Work to be completed: Please repeat, exactly and without pictures, the lines of the entries below that run from the one containing "Business woman using computer holding head in hands View" through the one containing "Middle-shot-of-woodfire-and-cookinpot-with-water".

*** Source material ***

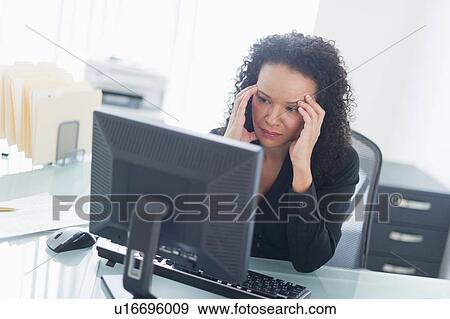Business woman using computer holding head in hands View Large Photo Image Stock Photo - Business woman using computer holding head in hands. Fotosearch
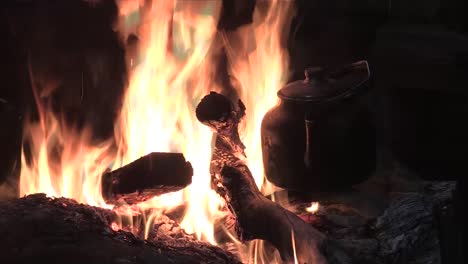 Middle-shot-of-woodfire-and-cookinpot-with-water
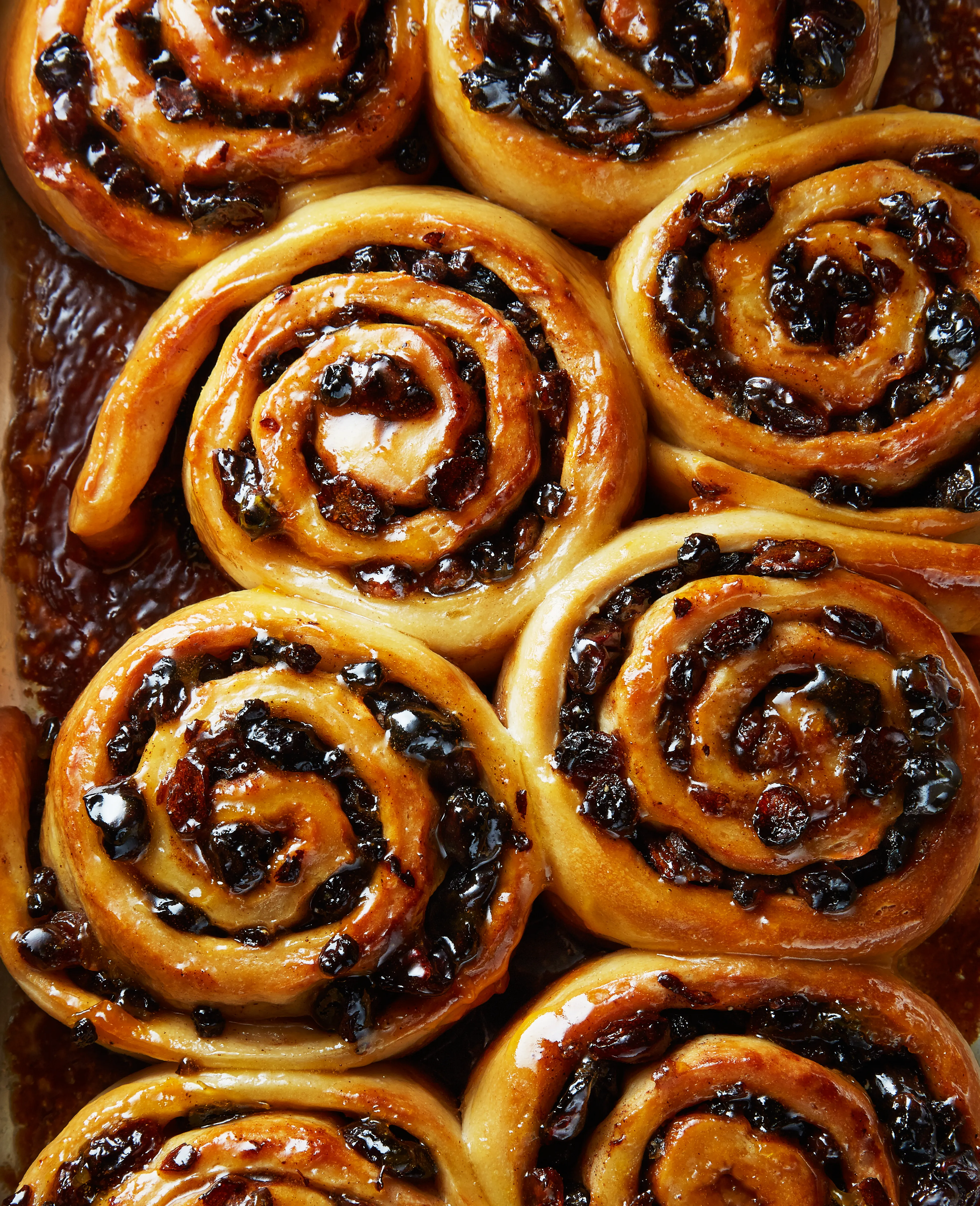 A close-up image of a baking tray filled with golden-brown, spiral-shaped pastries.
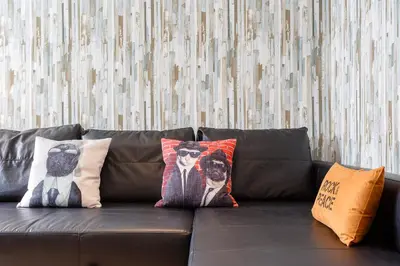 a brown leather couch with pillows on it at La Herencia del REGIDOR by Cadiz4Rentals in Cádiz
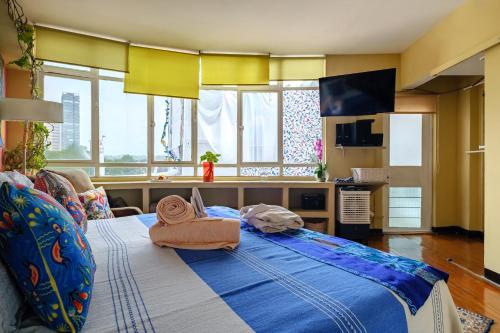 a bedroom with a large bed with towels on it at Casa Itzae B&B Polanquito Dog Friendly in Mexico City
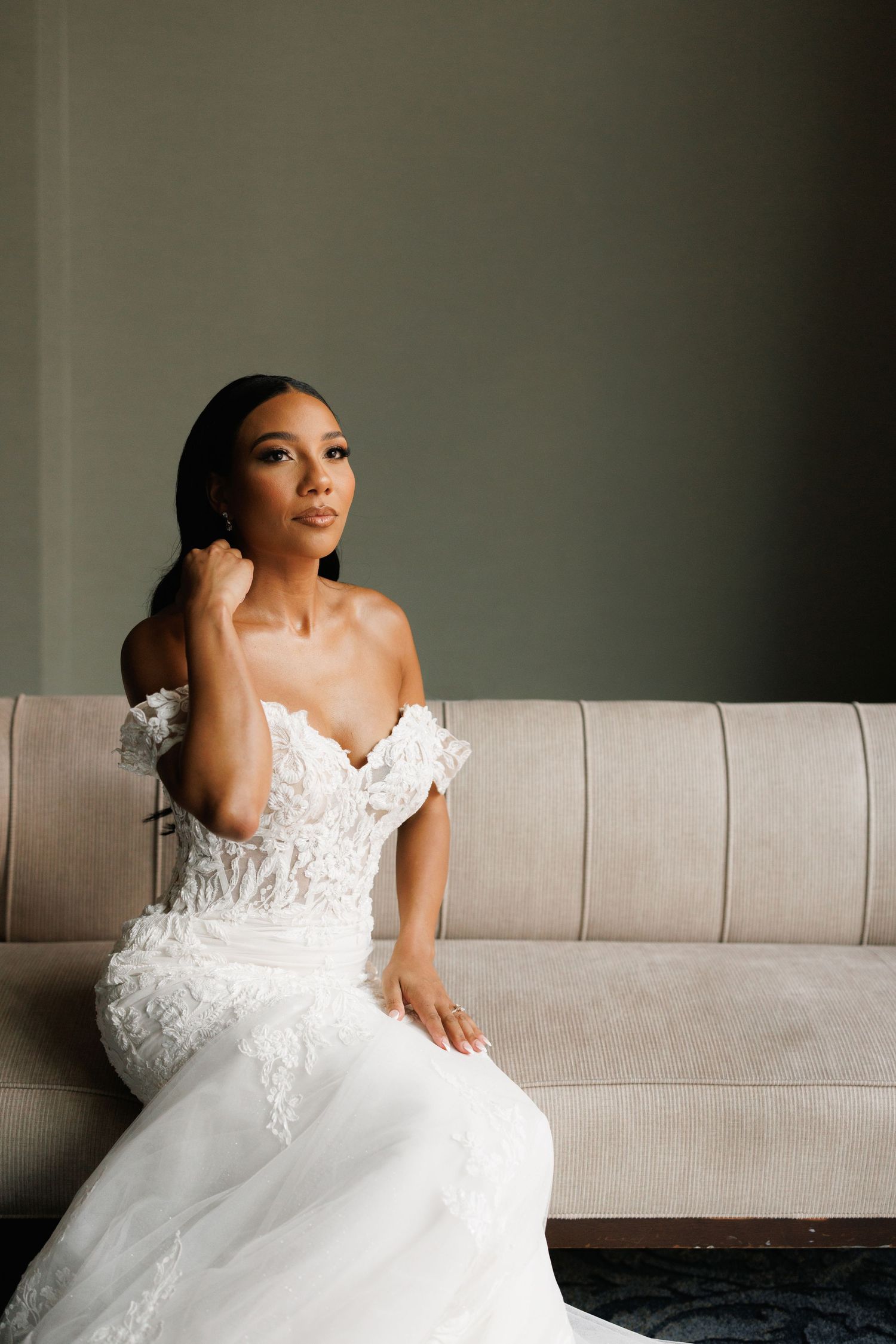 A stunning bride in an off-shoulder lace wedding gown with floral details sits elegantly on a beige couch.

***
*** Source material ***

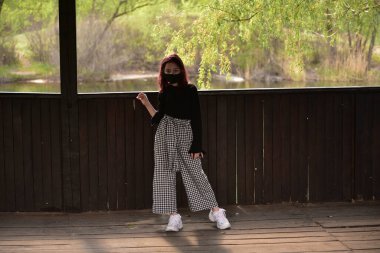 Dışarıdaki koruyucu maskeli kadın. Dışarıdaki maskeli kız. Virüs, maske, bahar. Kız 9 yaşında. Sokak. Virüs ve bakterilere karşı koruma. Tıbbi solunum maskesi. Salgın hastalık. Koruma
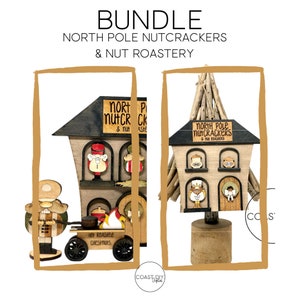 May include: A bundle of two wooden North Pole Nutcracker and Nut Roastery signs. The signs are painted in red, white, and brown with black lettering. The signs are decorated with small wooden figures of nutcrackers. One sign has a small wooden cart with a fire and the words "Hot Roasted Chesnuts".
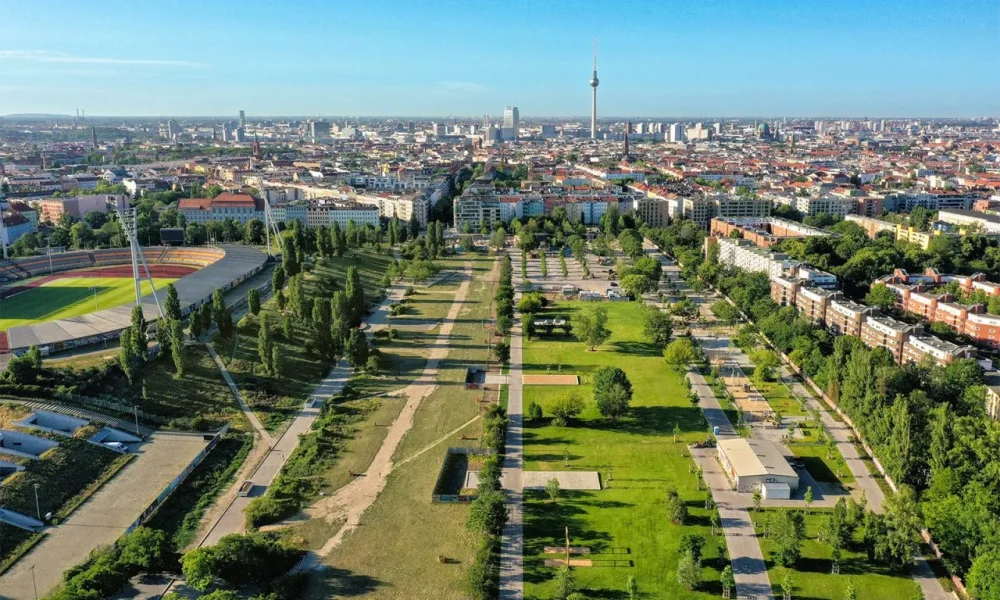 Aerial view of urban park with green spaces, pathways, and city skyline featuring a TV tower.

***

Worked solution:
Business woman using computer holding head in hands View Large Photo Image Stock Photo - Business woman using computer holding head in hands. Fotosearch
 Middle-shot-of-woodfire-and-cookinpot-with-water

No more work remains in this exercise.